Press release from Reps. Randy Frye and Jud McMillin
Batesville High School
(Batesville, Ind.) - Reps. Randy Frye (R-Greensburg) and Jud McMillin (R-Brookville) are pleased that Batesville High School is one of six high schools selected in Indiana to participate in an advanced manufacturing and logistics curriculum pilot program. This is the nation’s first high school level, credential based Advanced Manufacturing and Logistics (AML) curriculum pilot program.
“This program will go a long way to help Indiana fill the skills gap of workers created by the shift from low and medium skilled manufacturing jobs to high skilled occupations,” said Rep. Frye. “Batesville High School is a great school that is more than capable of successfully administering this curriculum to prepare its students for manufacturing in the 21st century.”
Conexus Indiana developed a prototype of the curriculum's online delivery model in 2010. The program received the unanimous endorsement of its Champion network of educators. Ensuring that students were learning industry skills and meeting state education standards was of upmost importance when crafting this curriculum. Conexus received input from the Indiana Department of Education, high school educators, and human resource and operation executives from companies across Indiana.
“I could not be more pleased that this curriculum is being made available to Batesville High School students. Ensuring our students are industry ready and have acquired the skills necessary to compete in the 21st century job market is critically important,” said Rep. McMillin. “I commend Conexus Indiana for leading this initiative that will help our state continue to grow as an advanced manufacturing and logistics center.”
The course content will be approximately 40% delivered online and 40% project-based. The final 20% will allow individual educators to localize course content to cover manufacturing issues unique to each region.

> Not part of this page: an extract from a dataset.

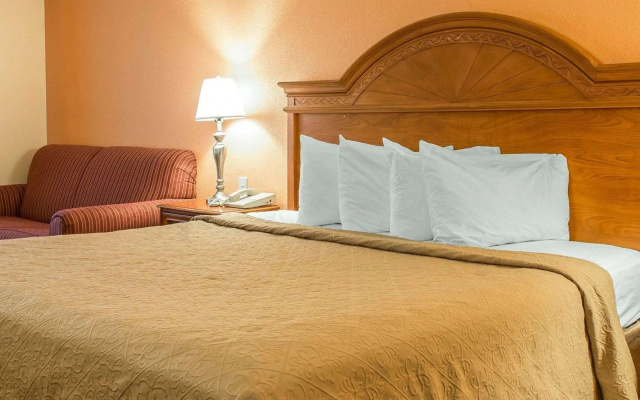 photo 4 of Quality Inn Gaylord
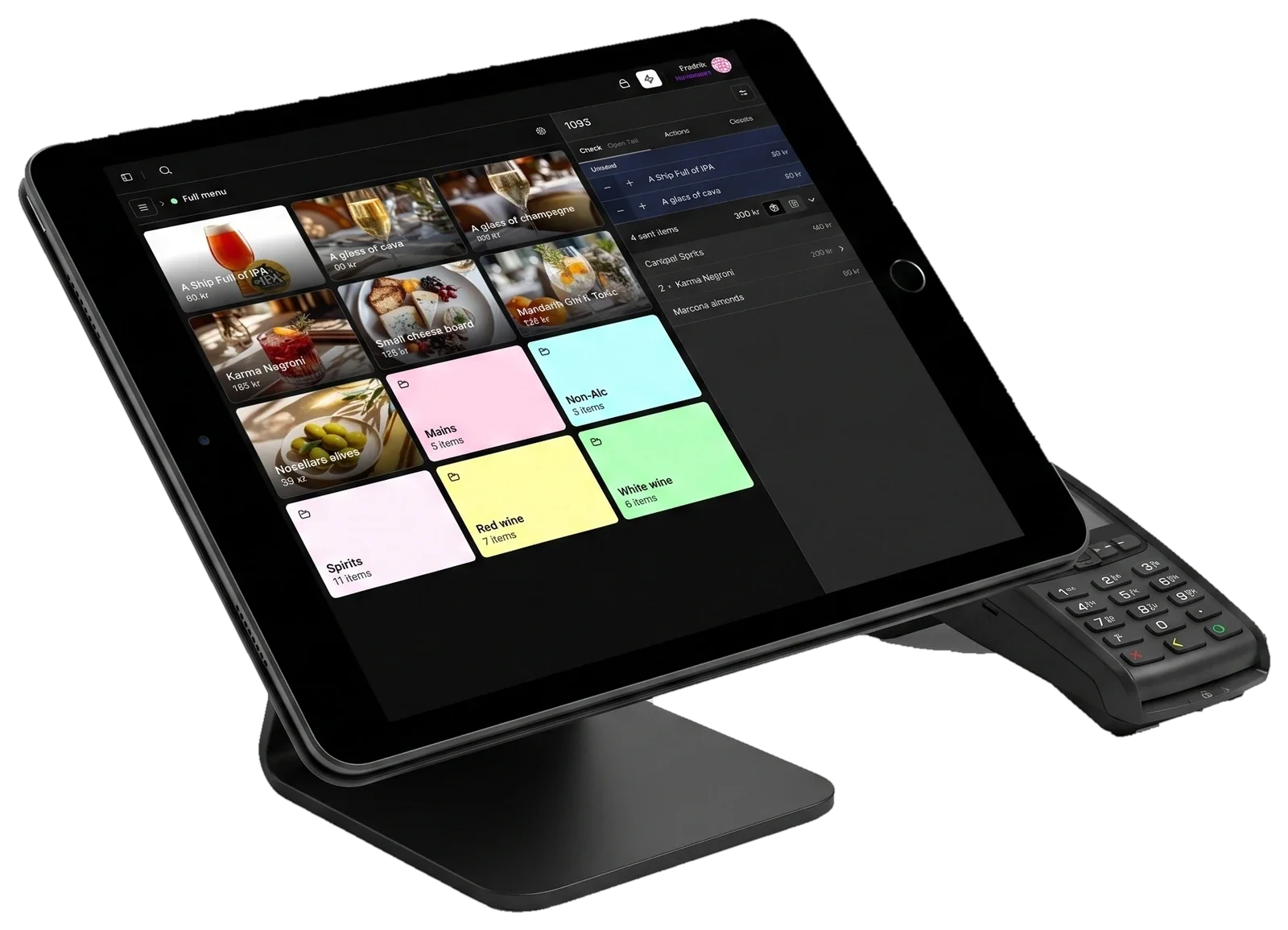 Karmas kassasystem på en iPad i kassaställ med en kortterminal bredvid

The objective of this program is to create a consistent, quality, plug-and-play curriculum that industry and educators can rely on to deliver industry-required skills.
Those students who complete the AML curriculum can earn up to five nationally portable industry credentials in advanced manufacturing and logistics from the Manufacturing Skills Standards Council (MSSC) and The Association for Operations Management (APICS).
According to the Federal Reserve Bank of New York, during the last part of the 20th century and the early part of the 21st century, high skill manufacturing jobs grew by 37%, while low and medium skilled jobs declined by 24% and 18% respectively.
Following the successful completion of the pilot program in 2013, the curriculum will be rolled out to high schools throughout the state.